Massively parallel sequencing technology, termed next generation sequencing (NGS), has transformed biological research, offering an unparalleled level of data collection, invigorating the field of genomics and revolutionizing the potential for understanding our genetic basis. As access to technology increases and costs become more affordable, NGS-based research and applications will continue to grow.
Evolution of Sequencing Technology
Sequencing approaches have come a long way from the early, gel-based, dideoxynucleotide technologies. With traditional sequence approaches termed Sanger-sequencing after Frederick Sanger who developed the technique with colleagues in the late 70s.

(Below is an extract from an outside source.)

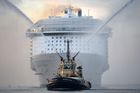 A tug boat leads the way for the world's largest passenger ship, Harmony of the Seas, owned by Royal Caribbean, as it makes her way into Southampton, England. Photo / AP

Nucleotide-specific sequenced fragments are produced using a mix of normal and chemically modified nucleotides that terminate extension, resulting in a range of fragment lengths that can then be separated (originally by gel and later through column separation) and subsequently “read” from shortest to longest to determine overall target sequence. In contrast, next generation sequencing (NGS) approaches essentially conduct sequencing and detection simultaneously, typically in a medium that allows from thousands up to billions of reactions to be sequenced within a single instrument run. Referred to as massively parallel sequencing, NGS produces enormous data sets and is being used in all areas of biological research and applied science.
NGS – Technical Considerations
Each NGS platform uses a different approach, chemistry and medium, however all platforms require pre-preparation of target DNA into a sequence-ready library.
High molecular weight DNA must be sheared to an appropriate size and ligated with the platform-specific adapter that will initiate the sequencing process.
At the other end of the NGS workflow are the data handling steps. Several terabytes of raw data are generated for every NGS run and a series of pre-processing, alignment and assembly steps follow. The read-length attained by NGS is in the range of 50-500 nucleotides, much shorter than that seen with Sanger, thus an appropriate number of overlapping short reads - termed coverage - is an essential quality feature to ensure accurate sequence assembly. The short-read sequences that can be successfully assembled and matched to a reference sequence are termed “mappable reads” and the quality of library preparation can directly influence this number. Determining how many reads is required depends on the overall experiment requirements. Analysis of rare transcripts, or de novo genome assembly, require greater read depth and increased coverage.
NGS – Applications
NGS has been applied in virtually all areas of biological research, excelling in the areas of whole-genome sequencing and resequencing to identify differences among reference sequences and bring more understanding to the genotype/phenotype relationship.
Organisms with no reference genome have also benefited from the rapid approach of NGS, with a growing list of de novo assembled genome sequences now being added to databases, from model organisms through to endangered species and even extinct species such as mammoth and early human.
Metagenomics is a growing field for NGS applications, analyzing all DNA within an environmental or medical sample, offering a complete insight into the complexity of the inhabiting microbiome. Comparisons can be made between healthy and affected individuals, for example using samples from the human gut, in an effort to identify links to specific phenotypes such as obesity or irritable bowel. Genome-wide association studies are also being used in large-scale efforts to identify disease-causing genes and functionally link DNA with phenotype. Transcriptome sequencing using NGS is another way to investigate gene expression, offering a quantifiable snapshot of the RNA transcripts within a sample.